Selon le Dr Laccoureyre, pédopsychiate, « Au cours de sa mue » vers un devenir de grande personne, l’adolescent trouve ses contours en expérimentant, en testant, en se risquant parfois mais aussi en se concentrant sur lui-même, sur son monde interne. La musique vient définir par dehors et par dedans. Elle vient cogner à l’extérieur et permet de configurer l’enveloppe ; elle pénètre l’intime et favorise le ressenti interne. Elle fait bain et vient tester l’hermétique de l’adolescent (la partie intime de son être) ; elle imprègne et lui rend accessible ses abysses psychiques. La musique joue alors le rôle de média en lui permettant d’entrer en dialogue intime avec lui-même. La musique possède les mêmes vertus que celles d’autres bains qui ont œuvré tout au départ et dont l’adolescent garde des traces bienfaitrices (liquide amniotique lors de la vie fœtale, bain de langage maternel,…). Les ondes musicales viennent activer les neurotransmetteurs reliés aux plaisirs et les zones de récompense. Ce qui provoque cet état de bonheur intense vers lequel chacun a envie de revenir. S’enfermer dans une bulle musicale correspond donc à un temps de construction identitaire à l’adolescence et il convient que l’adolescent puisse en user sans risquer la santé de ses oreilles. »

 

Changer de paradigme

Développer la notion d’écoute saine est donc l’enjeu de la prévention aujourd’hui. Ce d’autant plus que les générations Z et « alpha » vivent au quotidien une relation étroite avec leurs smartphones et la musique amplifiée. Les messages de prévention se sont peut-être trop heurtés aux plaisirs et à ses recherches dans leur formulation. Il est nécessaire de changer de paradigme et de développer la culture « du prendre soin de soi » ou culture du « Care » dès le plus jeune âge en l’intégrant à l’éducation à la santé. Ce serait alors donner du sens aux politiques de prévention de santé publique probablement vécues comme une somme d’interdits par les adolescents dont l’un des plaisirs est justement de braver les interdits. « Prendre soin de soi » n’est pas culturellement innée.
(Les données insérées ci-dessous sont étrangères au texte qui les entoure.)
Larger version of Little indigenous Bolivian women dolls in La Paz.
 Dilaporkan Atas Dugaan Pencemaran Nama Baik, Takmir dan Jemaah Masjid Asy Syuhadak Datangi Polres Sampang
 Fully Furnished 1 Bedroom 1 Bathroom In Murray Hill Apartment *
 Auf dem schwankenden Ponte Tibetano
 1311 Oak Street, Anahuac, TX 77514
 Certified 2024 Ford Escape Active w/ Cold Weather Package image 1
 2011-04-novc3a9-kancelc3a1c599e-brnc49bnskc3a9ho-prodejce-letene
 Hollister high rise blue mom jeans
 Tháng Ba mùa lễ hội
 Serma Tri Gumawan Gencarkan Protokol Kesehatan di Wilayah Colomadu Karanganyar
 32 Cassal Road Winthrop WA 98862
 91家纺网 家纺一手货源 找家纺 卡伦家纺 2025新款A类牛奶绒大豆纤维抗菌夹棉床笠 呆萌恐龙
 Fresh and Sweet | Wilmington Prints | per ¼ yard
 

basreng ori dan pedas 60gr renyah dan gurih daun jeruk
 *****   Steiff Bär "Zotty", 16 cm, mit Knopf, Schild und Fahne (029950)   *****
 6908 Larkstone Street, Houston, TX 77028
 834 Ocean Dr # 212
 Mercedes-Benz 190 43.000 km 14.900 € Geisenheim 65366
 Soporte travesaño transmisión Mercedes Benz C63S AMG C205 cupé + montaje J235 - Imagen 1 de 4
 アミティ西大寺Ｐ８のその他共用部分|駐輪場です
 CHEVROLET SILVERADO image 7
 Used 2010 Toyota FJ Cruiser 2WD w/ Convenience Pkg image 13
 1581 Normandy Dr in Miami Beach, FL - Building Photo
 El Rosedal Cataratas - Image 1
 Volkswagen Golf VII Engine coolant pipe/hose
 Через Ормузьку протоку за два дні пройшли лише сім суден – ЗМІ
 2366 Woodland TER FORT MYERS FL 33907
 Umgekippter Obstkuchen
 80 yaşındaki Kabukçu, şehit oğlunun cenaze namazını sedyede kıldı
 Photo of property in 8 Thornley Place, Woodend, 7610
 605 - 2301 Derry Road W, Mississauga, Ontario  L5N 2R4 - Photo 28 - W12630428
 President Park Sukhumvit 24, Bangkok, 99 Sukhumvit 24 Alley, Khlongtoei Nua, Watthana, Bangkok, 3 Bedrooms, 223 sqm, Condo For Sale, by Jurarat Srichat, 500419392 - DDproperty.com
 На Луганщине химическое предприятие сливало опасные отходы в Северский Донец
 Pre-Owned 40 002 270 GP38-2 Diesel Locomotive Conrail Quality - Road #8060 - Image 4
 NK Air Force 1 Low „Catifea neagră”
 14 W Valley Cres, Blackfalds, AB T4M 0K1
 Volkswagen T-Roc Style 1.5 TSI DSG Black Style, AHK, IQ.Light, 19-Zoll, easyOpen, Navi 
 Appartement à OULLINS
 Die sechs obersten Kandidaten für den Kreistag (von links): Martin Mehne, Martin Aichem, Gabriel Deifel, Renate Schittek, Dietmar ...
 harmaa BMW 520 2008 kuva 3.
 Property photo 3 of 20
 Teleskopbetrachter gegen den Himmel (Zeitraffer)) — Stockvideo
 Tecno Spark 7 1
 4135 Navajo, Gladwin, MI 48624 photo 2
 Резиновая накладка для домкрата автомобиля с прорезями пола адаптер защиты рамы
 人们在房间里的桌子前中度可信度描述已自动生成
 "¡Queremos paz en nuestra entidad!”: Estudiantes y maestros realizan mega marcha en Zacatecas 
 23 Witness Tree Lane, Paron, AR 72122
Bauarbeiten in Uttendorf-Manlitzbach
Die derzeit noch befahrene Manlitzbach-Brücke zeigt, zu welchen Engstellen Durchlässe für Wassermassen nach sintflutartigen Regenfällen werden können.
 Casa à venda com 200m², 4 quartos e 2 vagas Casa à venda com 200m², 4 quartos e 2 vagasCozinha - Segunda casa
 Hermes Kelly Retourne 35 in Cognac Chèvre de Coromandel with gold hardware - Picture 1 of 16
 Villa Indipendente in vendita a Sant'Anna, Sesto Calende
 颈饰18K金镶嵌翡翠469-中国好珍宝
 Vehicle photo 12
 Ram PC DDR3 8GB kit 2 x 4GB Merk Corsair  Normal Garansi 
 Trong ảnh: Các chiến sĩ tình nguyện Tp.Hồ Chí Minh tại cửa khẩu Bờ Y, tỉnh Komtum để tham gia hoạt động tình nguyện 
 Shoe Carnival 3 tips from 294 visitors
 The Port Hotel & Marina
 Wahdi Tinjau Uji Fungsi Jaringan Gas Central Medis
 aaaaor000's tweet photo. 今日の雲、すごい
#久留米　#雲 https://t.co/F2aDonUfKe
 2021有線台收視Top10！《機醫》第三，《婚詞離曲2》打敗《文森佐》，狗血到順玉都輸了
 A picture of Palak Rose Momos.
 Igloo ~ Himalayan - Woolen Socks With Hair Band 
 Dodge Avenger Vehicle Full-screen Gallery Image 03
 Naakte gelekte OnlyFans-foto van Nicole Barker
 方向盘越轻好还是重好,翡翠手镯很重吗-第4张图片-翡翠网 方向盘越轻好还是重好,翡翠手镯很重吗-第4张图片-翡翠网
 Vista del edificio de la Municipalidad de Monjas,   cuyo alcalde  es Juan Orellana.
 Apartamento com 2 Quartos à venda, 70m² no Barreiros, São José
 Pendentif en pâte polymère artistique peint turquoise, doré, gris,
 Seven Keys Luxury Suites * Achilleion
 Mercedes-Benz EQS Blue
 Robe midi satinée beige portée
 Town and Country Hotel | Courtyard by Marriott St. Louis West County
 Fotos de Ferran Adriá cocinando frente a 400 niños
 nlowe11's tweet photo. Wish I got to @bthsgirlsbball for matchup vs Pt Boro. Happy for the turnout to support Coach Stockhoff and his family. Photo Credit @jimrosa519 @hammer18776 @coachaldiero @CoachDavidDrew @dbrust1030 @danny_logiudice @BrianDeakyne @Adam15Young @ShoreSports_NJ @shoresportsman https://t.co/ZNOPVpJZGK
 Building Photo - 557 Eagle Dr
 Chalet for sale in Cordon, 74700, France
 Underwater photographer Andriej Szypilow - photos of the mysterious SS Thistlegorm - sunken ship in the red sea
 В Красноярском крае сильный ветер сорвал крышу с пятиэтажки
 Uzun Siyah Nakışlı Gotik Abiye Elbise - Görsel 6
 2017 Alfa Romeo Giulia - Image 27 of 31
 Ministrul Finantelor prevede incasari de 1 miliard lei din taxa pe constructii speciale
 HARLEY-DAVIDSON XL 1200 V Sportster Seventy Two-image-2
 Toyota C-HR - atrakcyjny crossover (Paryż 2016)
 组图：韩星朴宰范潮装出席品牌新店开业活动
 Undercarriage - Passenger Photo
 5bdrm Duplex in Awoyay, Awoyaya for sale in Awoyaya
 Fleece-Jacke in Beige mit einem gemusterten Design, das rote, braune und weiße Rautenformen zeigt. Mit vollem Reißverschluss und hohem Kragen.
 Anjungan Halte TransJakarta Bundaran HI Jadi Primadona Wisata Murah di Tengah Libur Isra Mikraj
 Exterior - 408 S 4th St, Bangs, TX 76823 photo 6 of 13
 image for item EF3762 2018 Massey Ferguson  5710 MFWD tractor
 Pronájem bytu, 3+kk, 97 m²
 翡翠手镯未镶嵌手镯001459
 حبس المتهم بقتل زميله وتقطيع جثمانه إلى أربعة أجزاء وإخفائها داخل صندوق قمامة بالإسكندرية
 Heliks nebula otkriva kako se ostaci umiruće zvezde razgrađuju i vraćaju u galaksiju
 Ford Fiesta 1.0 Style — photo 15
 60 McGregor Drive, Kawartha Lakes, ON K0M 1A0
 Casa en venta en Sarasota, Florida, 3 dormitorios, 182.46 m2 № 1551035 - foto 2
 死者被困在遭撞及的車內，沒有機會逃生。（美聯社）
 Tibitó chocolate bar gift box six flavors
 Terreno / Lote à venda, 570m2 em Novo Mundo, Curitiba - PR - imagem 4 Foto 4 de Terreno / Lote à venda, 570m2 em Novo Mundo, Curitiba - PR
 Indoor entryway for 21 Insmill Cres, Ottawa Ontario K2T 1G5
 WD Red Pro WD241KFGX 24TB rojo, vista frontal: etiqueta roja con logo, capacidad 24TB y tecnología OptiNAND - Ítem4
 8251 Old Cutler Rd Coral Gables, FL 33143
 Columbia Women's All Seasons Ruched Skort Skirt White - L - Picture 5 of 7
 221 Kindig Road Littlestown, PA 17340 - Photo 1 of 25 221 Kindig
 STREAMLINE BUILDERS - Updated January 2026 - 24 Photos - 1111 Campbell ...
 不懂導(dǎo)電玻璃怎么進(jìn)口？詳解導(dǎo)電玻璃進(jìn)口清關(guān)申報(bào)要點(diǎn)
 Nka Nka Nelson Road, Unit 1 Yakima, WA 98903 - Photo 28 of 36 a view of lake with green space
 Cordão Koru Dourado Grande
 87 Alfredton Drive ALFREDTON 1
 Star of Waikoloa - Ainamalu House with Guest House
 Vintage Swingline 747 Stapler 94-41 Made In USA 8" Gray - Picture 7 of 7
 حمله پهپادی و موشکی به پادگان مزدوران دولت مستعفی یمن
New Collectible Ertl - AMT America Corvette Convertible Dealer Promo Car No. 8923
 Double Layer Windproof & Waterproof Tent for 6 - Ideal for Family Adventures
Faut-il pour autant délaisser les jeunes actuellement adolescents ? Non. Ils sont trop nombreux à souffrir d’acouphènes (sifflements et bourdonnements dans les oreilles survenant suite à traumatismes sonores aigus ou chroniques). Seul un engagement sociétal de l’ensemble des acteurs politiques et économiques orienté culture du « Prendre soin de soi » peut accélérer l’impact de la prévention. Cela repose à la fois sur une impulsion politique et un investissement individuel et collectif, un nouvel élan humaniste partagé.